───── INFORMATION PROVIDED ─────

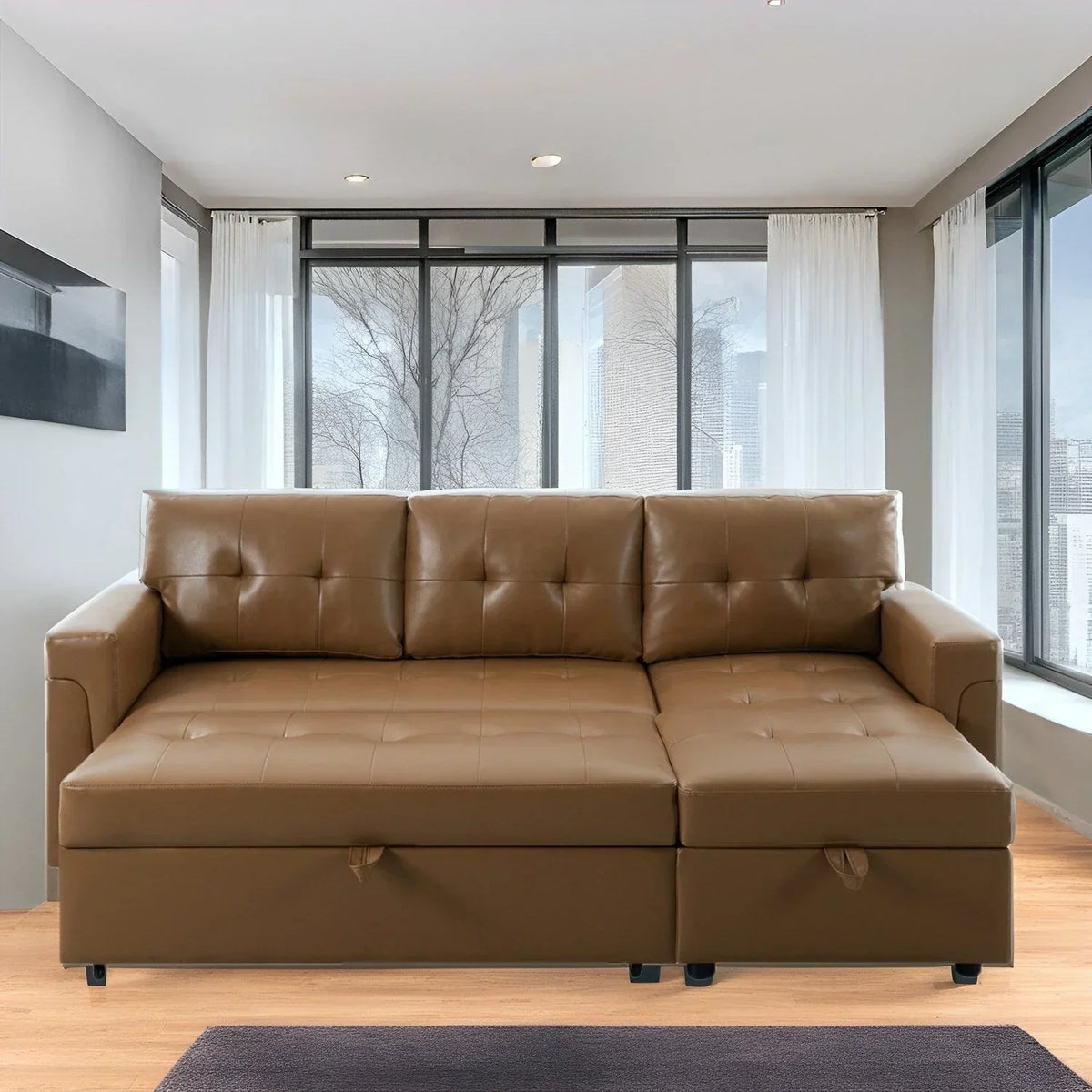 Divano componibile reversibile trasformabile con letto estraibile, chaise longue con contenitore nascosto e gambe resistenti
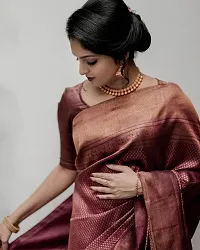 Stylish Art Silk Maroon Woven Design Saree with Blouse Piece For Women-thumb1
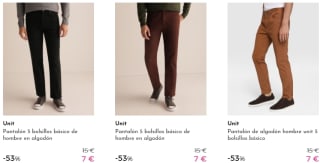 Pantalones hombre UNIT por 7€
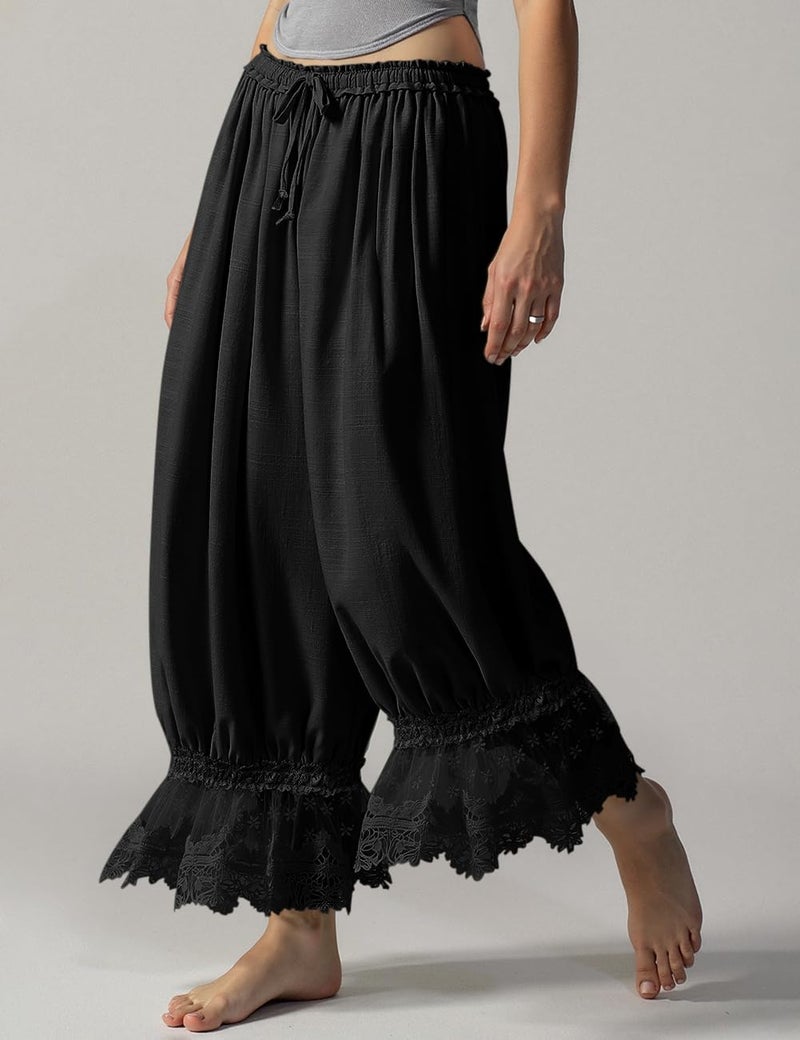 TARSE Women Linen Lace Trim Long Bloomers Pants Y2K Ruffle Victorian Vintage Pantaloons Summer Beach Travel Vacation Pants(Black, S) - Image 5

─────

→ TASK ITEM: Please repeat the data above exactly as it appears, pictures excluded.

→ SOLUTION TO THIS PROBLEM:
 Divano componibile reversibile trasformabile con letto estraibile, chaise longue con contenitore nascosto e gambe resistenti
 Stylish Art Silk Maroon Woven Design Saree with Blouse Piece For Women-thumb1
 Pantalones hombre UNIT por 7€
 TARSE Women Linen Lace Trim Long Bloomers Pants Y2K Ruffle Victorian Vintage Pantaloons Summer Beach Travel Vacation Pants(Black, S) - Image 5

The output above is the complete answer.